Merkel's speech causes controversy
Photo: Reuters

German in the Knesset? Some say no way

With a majority of 7 to 2, the Knesset House Committee voted to allow German Chancellor Angela Merkel to make a speech in Knesset next week; some MKs upset at thought of German being spoken in Israeli parliament

The Knesset House Committee on Tuesday voted to allow German Chancellor Angela Merkel the privilege of making a speech in the Knesset during her visit to Israel next week in spite of some opposition by rightist MKs.


A majority of seven MKs voted for the measure and two – MKs Arieh Eldad (National Union) and Uri Ariel (National Union) – voted against.


Notwithstanding the fact that the approval is merely technical and the committee's decision did not deal with what language Merkel's speech would be made in, the decision did raise ire among some in the Knesset plenum.


MK Arieh Eldad opposed the measure saying: "I can't hear German in the Knesset plenum. It's the language that my grandfather and grandmother were killed in. I will get up and leave. If it's not necessary, don't bend the rules if only because the last words they heard were in German."


Knesset Secretary-General Eyal Yinon explained that this was not an issue of amending Knesset code, but rather a simple decision. He noted that German representatives had already made speeches in German in the Knesset before. In any case, Yinon stated, according to procedures a state representative approved to speak in the Knesset may speak in whatever language he or she chooses.


MK Uri Ariel was also against allowing Merkel to speak German at the podium: "I don't think that on Shabbat, when we read the parasha about what Amalek did – and they are Amalekites – they are the father of the Amalekites…six million…


"It's all well and good that Germany changed its ways, and there are important things in the political and security sphere that they should be praised for, but to go back to the reptiles and to be wusses…what's the matter?
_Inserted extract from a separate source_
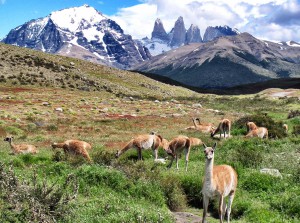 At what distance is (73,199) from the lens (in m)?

What happened to us?


MK Yohanan Plesner (Kadima) responded to the debate saying: "My grandmother and grandfather were refugees from Germany, from the oppressive regime. The German language was not heard in their house because it was the language of the oppressors. I understand where MK Eldad is coming from. This wound is still open.


"But other things need to be taken into account: Germany is today the State of Israel's stable friend in Europe. It is the anchor of support for us. This anchor needs to be institutionalized and firmly established without relinquishing our memories of the past. Germany, with all of its strength, is on our side and supportive without reservations. We have significant joint interests."


MK Yoel Hasson (Kadima) said: "Refusing to allow the chancellor to appear in the Knesset is likely to have bad implications. Ironically, the appearance of the chancellor on the podium in the Jewish state is a big victory for the Jewish people."